What is needed is a word-for-word copy of the listing below, without pictures.
(Given records begins)
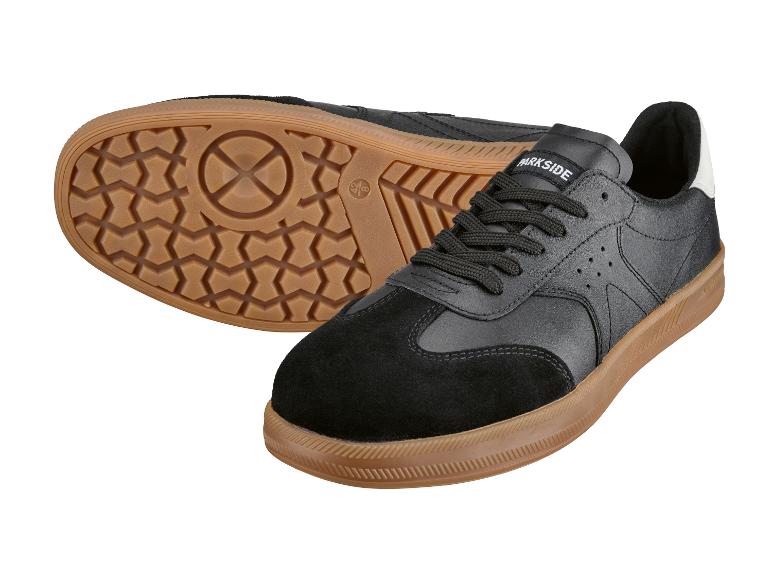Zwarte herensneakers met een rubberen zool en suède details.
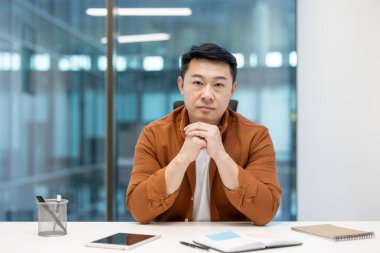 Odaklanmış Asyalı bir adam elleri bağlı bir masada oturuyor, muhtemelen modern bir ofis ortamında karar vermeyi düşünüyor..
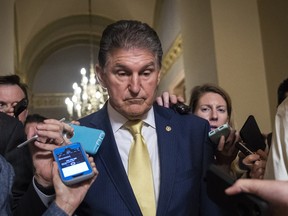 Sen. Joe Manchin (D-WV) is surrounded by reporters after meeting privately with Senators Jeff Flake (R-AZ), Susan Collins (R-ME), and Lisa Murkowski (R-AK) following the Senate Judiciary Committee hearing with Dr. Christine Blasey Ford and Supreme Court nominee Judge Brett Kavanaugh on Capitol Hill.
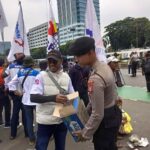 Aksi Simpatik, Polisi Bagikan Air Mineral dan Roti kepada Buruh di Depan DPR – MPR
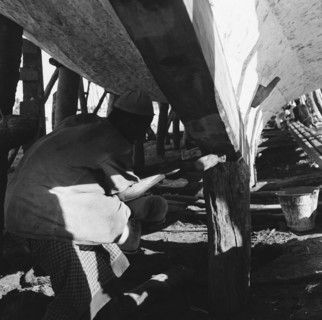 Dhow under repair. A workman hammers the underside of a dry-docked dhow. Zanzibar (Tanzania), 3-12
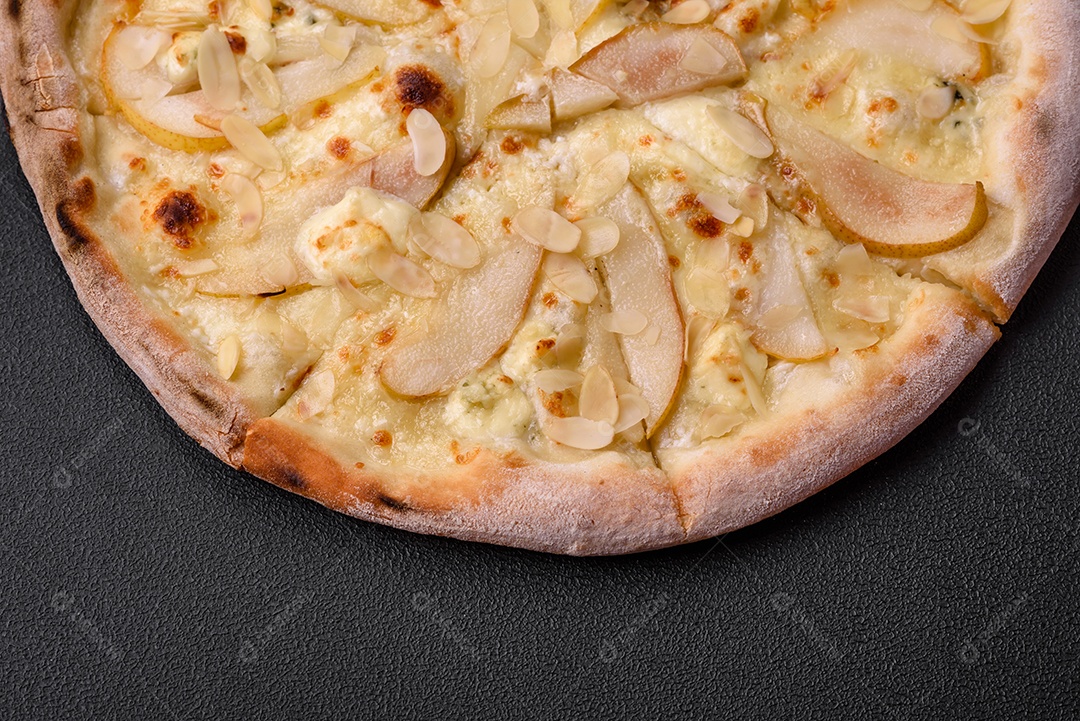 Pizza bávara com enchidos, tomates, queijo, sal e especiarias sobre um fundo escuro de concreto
(Given records ends)
- Result of the exercise -
Zwarte herensneakers met een rubberen zool en suède details.
 Odaklanmış Asyalı bir adam elleri bağlı bir masada oturuyor, muhtemelen modern bir ofis ortamında karar vermeyi düşünüyor..
 Sen. Joe Manchin (D-WV) is surrounded by reporters after meeting privately with Senators Jeff Flake (R-AZ), Susan Collins (R-ME), and Lisa Murkowski (R-AK) following the Senate Judiciary Committee hearing with Dr. Christine Blasey Ford and Supreme Court nominee Judge Brett Kavanaugh on Capitol Hill.
 Aksi Simpatik, Polisi Bagikan Air Mineral dan Roti kepada Buruh di Depan DPR – MPR
 Dhow under repair. A workman hammers the underside of a dry-docked dhow. Zanzibar (Tanzania), 3-12
 Pizza bávara com enchidos, tomates, queijo, sal e especiarias sobre um fundo escuro de concreto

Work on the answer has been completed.